### What the task requires
Print the data exactly. Pictures stay out.

### Data segment
---------------
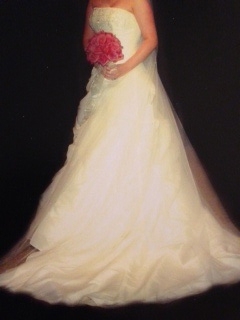 Elegant Tufted Ivory Strapless Dres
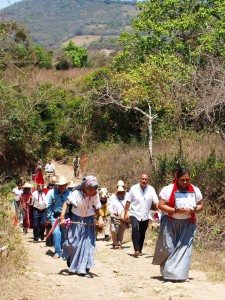 Atzipänntäwä, Hermanos somos uno Celebración zoque del equinoccio en Cerro ombligo. Fotos: Pepe Espinosa 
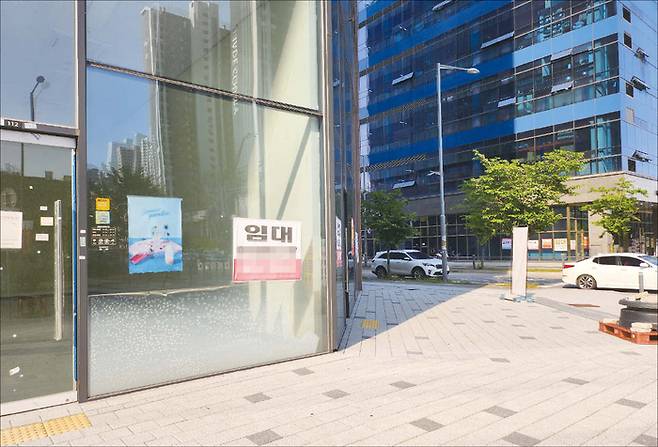 6월 18일 오후 경기 부천시 옥길지구 한 지식산업센터 1층 상가 곳곳엔 ‘임대 문의’ 현수막이 붙은 공실이 즐비하다. (조동현 기자)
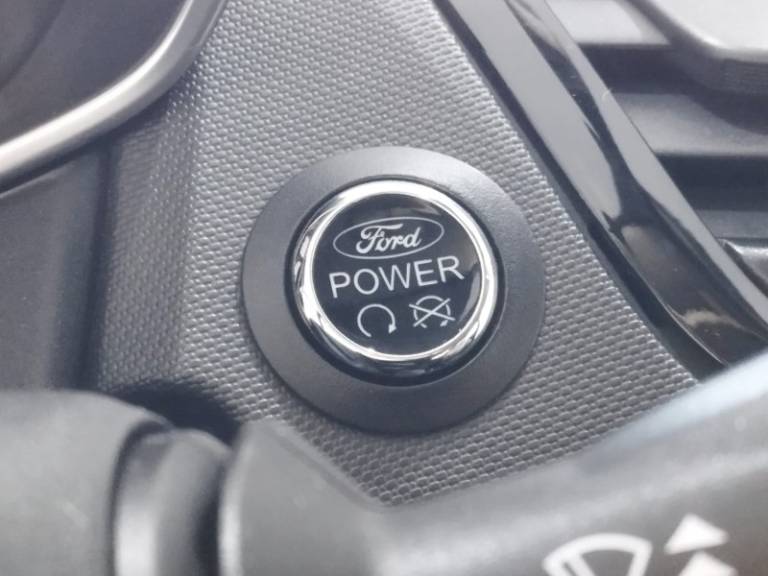 FORD - FIESTA - 2017/2017 - Branca - R$ 58.900,00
---------------
### Written reply
 Elegant Tufted Ivory Strapless Dres
 Atzipänntäwä, Hermanos somos uno Celebración zoque del equinoccio en Cerro ombligo. Fotos: Pepe Espinosa 
 6월 18일 오후 경기 부천시 옥길지구 한 지식산업센터 1층 상가 곳곳엔 ‘임대 문의’ 현수막이 붙은 공실이 즐비하다. (조동현 기자)
 FORD - FIESTA - 2017/2017 - Branca - R$ 58.900,00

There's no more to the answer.